THE TASK: Would you please set down the data again exactly as given, excluding the pictures?

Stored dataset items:

★ ★ ★

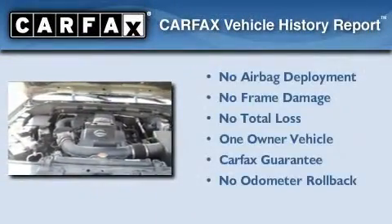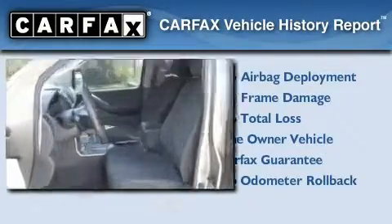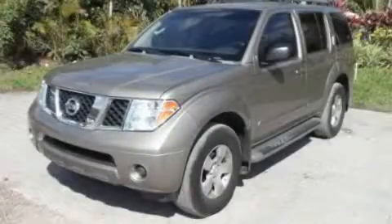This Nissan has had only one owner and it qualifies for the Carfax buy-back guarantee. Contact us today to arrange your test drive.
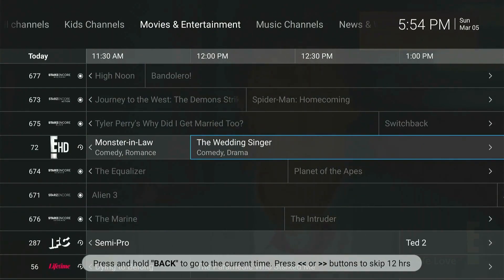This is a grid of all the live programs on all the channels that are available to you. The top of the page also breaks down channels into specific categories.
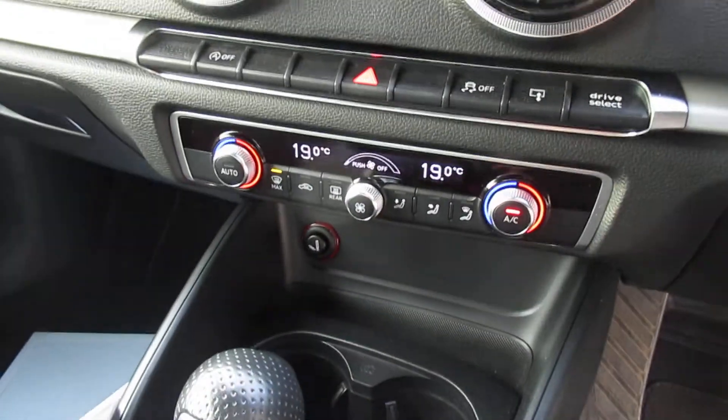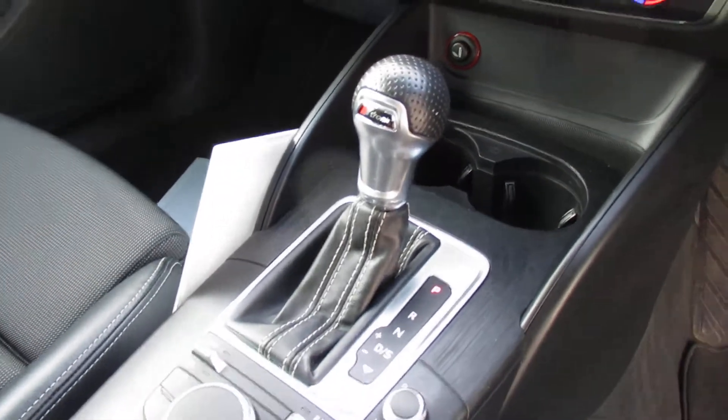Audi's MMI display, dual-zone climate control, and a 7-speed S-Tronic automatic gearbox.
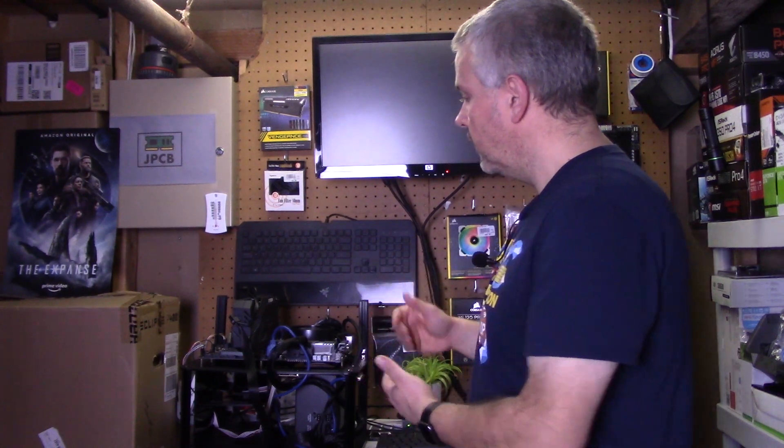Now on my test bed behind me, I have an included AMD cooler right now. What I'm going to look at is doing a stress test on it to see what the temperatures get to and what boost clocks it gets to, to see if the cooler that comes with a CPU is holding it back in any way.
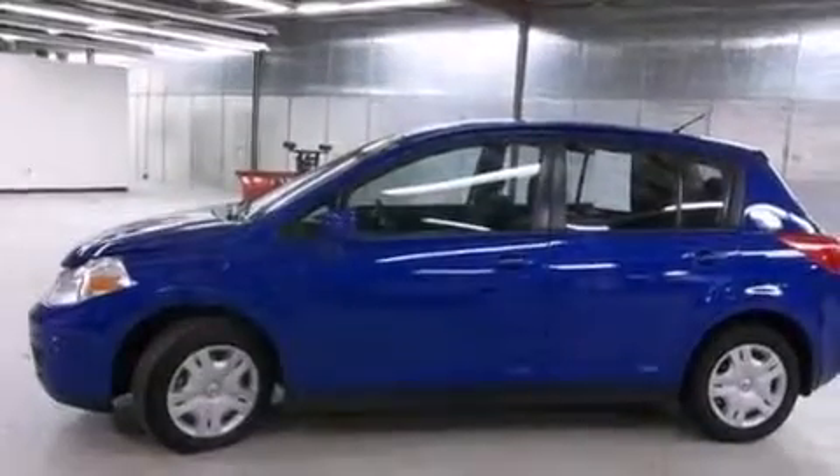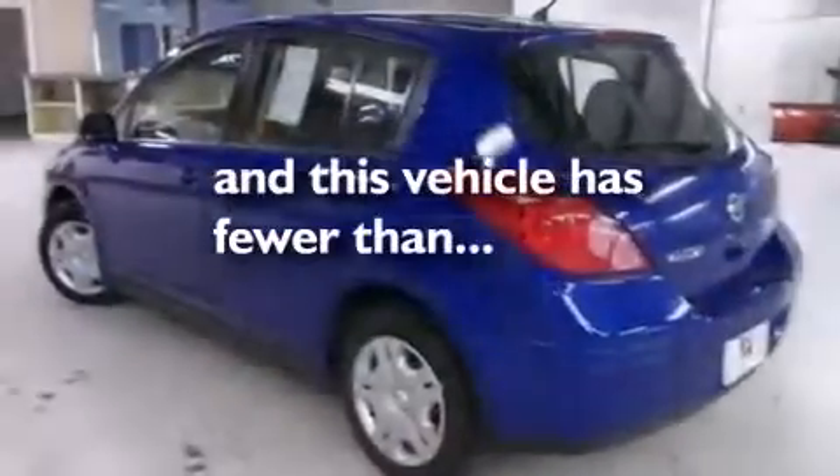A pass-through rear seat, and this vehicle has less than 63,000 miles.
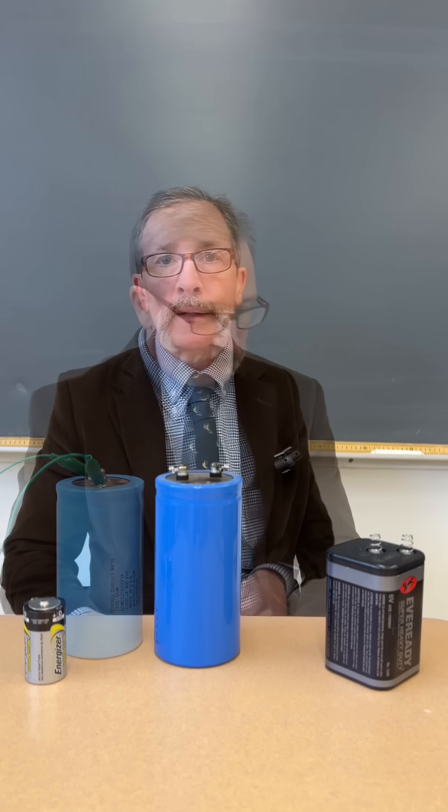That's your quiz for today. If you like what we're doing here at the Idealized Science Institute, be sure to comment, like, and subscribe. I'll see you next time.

★ ★ ★

TASK RESPONSE:
This Nissan has had only one owner and it qualifies for the Carfax buy-back guarantee. Contact us today to arrange your test drive.
This is a grid of all the live programs on all the channels that are available to you. The top of the page also breaks down channels into specific categories.
Audi's MMI display, dual-zone climate control, and a 7-speed S-Tronic automatic gearbox.
Now on my test bed behind me, I have an included AMD cooler right now. What I'm going to look at is doing a stress test on it to see what the temperatures get to and what boost clocks it gets to, to see if the cooler that comes with a CPU is holding it back in any way.
A pass-through rear seat, and this vehicle has less than 63,000 miles.
That's your quiz for today. If you like what we're doing here at the Idealized Science Institute, be sure to comment, like, and subscribe. I'll see you next time.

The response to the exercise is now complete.